(Web page caption snippets)
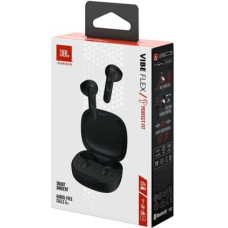 JBL Vibe Flex TWS Bluetooth Wireless In-Ear Earbuds Black EU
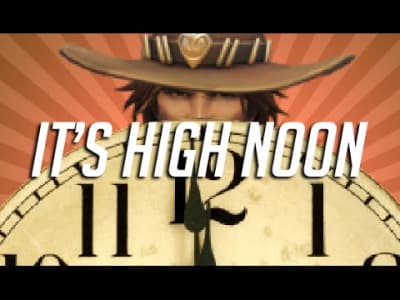 It's high noon somewhere 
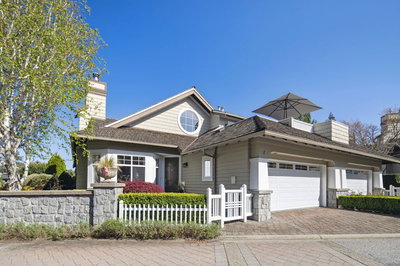 1 - 5110 Alderfeild Place | West Vancouver | Image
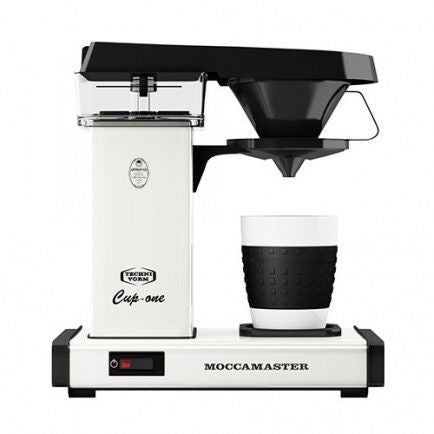 Technivorm Cup-One Coffee Maker - Off-White - Open Box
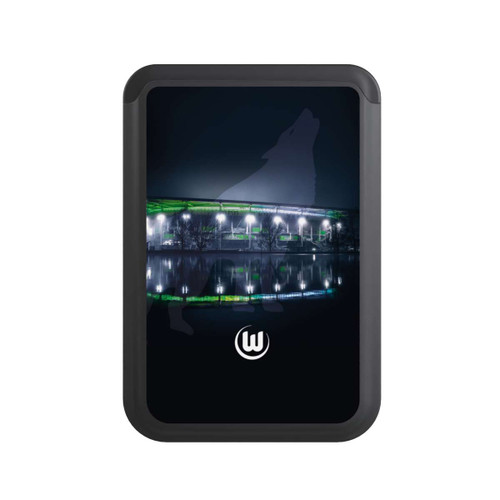  Cardholder Volkswagen Arena Nacht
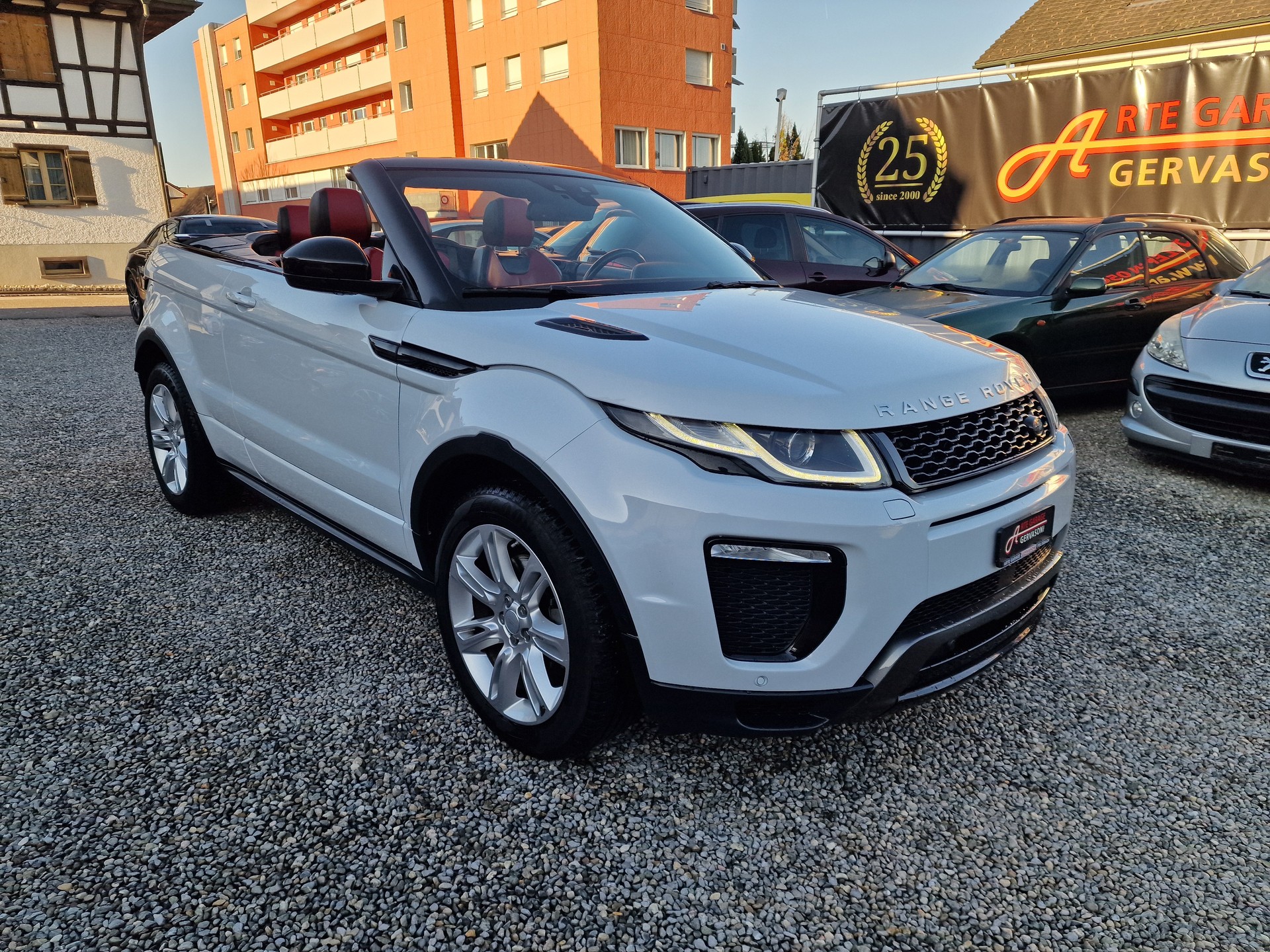 LAND ROVER Evoque 2.0TD4 HSE Dynamic-image-10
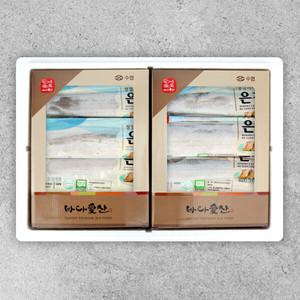 [수산대전20%쿠폰][제주수협] 고급 은갈치 2호 세트 3.2kg(갈치400gx8미) / 부직포포장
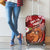 New Zealand Father's Day Luggage Cover Happy Father And Child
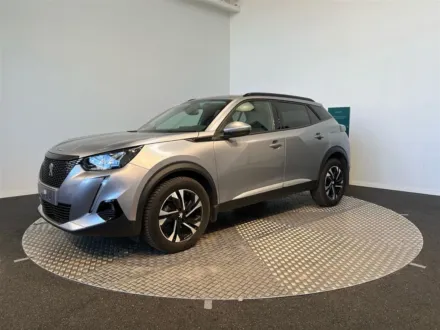 Peugeot 2008 1,2 PureTech Platin Sport 130HK 5d til salg
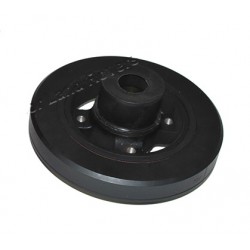 DEFENDER 2.5D and TD crankshaft pulley damper - OEM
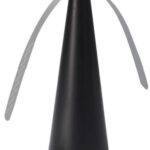 CASEY FAN FLY REPELLER - BLACK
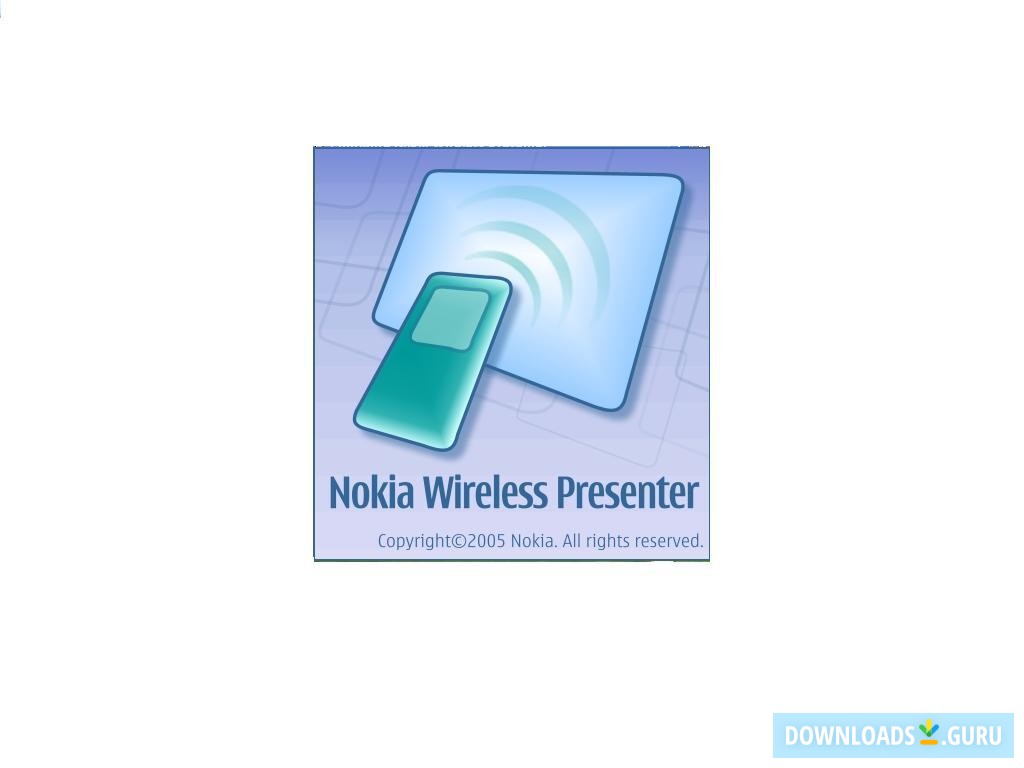 Nokia Wireless Presenter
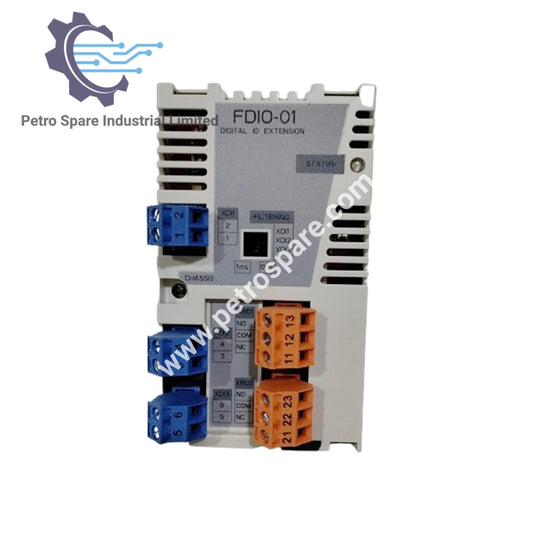 FDIO-01 ABB Digital I/O Extension Product ID:3AUA0000141438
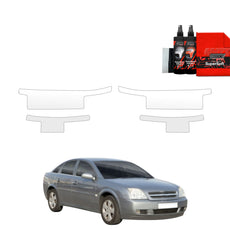 4in1 Protective film for sills Opel Vectra C Liftback (2002-2005)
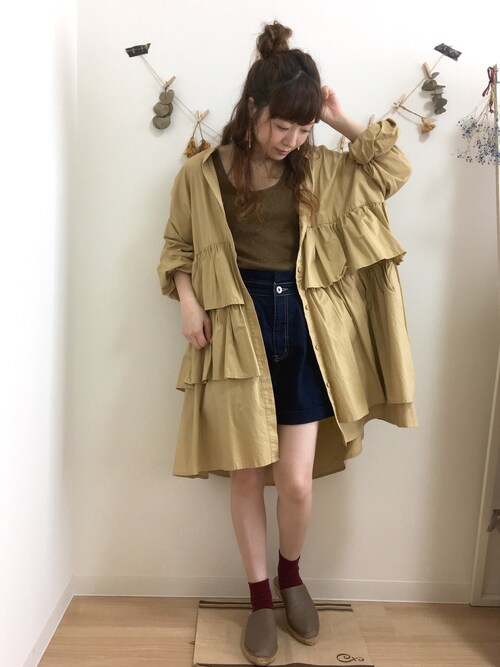 こあさんのコーディネート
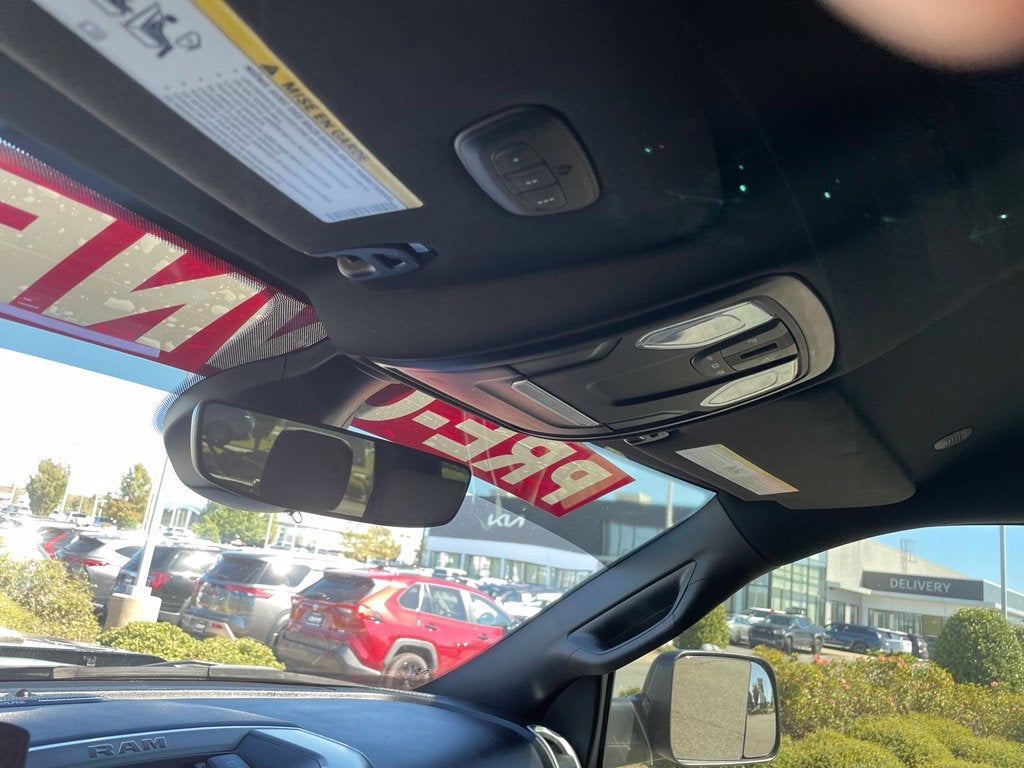 2021 RAM 2500 Big Horn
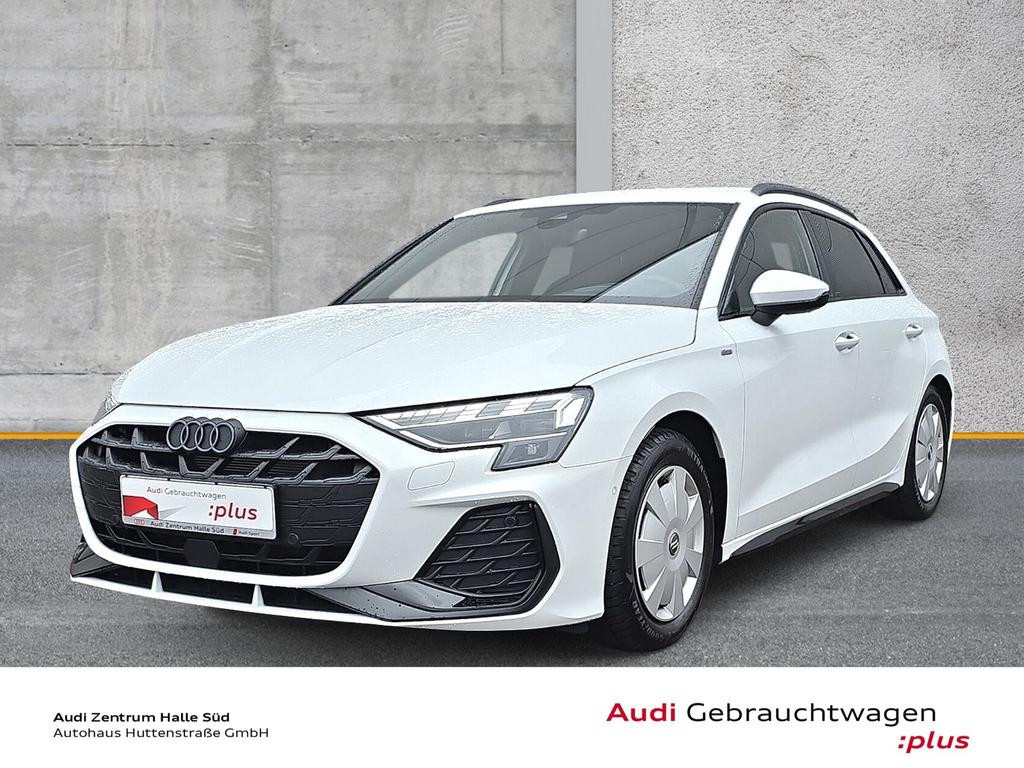 Audi A3 Sportback Sedan S-Line 35 TFSI
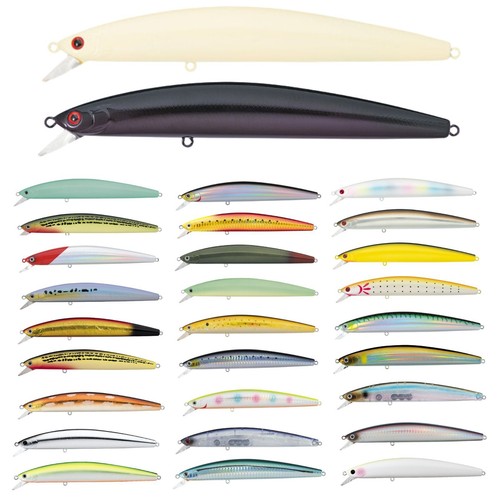 Daiwa salt pro minnow - salt,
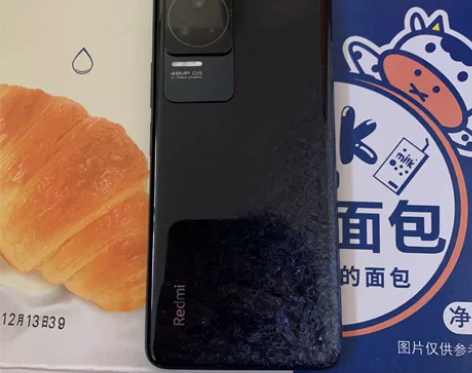 红米k50 5G 国行全网通12G+25...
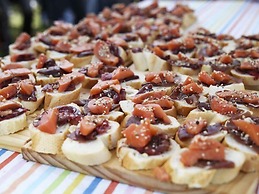 The Sampson - Orange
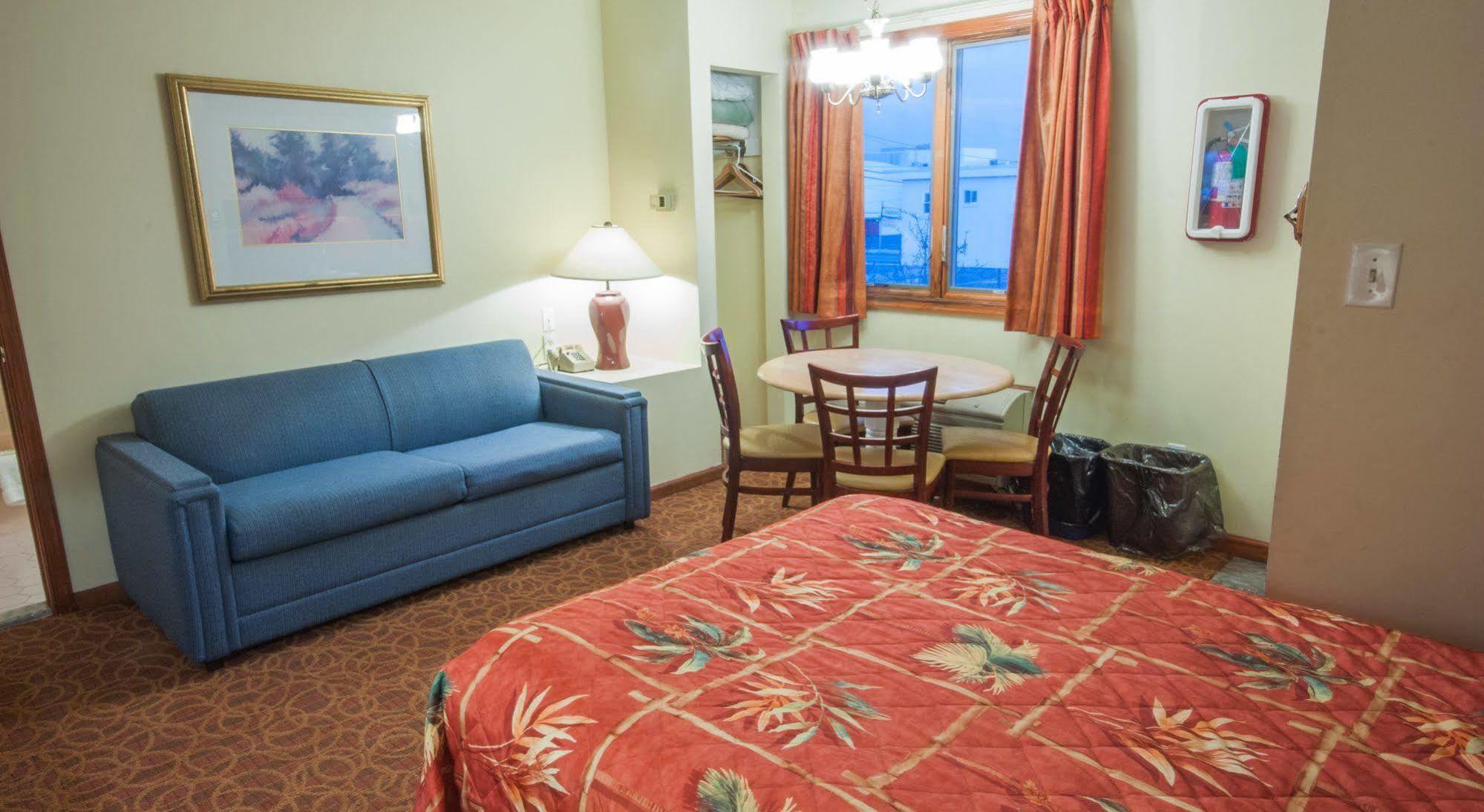 Calypso Boutique Hotel Wildwood Eksteriør bilde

- **EXERCISE**
Would you provide an exact, picture-free copy of the data above?

- **RESPONSE AREA**
 JBL Vibe Flex TWS Bluetooth Wireless In-Ear Earbuds Black EU
 It's high noon somewhere 
 1 - 5110 Alderfeild Place | West Vancouver | Image
 Technivorm Cup-One Coffee Maker - Off-White - Open Box
  Cardholder Volkswagen Arena Nacht
 LAND ROVER Evoque 2.0TD4 HSE Dynamic-image-10
 [수산대전20%쿠폰][제주수협] 고급 은갈치 2호 세트 3.2kg(갈치400gx8미) / 부직포포장
 New Zealand Father's Day Luggage Cover Happy Father And Child
 Peugeot 2008 1,2 PureTech Platin Sport 130HK 5d til salg
 DEFENDER 2.5D and TD crankshaft pulley damper - OEM
 CASEY FAN FLY REPELLER - BLACK
 Nokia Wireless Presenter
 FDIO-01 ABB Digital I/O Extension Product ID:3AUA0000141438
 4in1 Protective film for sills Opel Vectra C Liftback (2002-2005)
 こあさんのコーディネート
 2021 RAM 2500 Big Horn
 Audi A3 Sportback Sedan S-Line 35 TFSI
 Daiwa salt pro minnow - salt,
 红米k50 5G 国行全网通12G+25...
 The Sampson - Orange
 Calypso Boutique Hotel Wildwood Eksteriør bilde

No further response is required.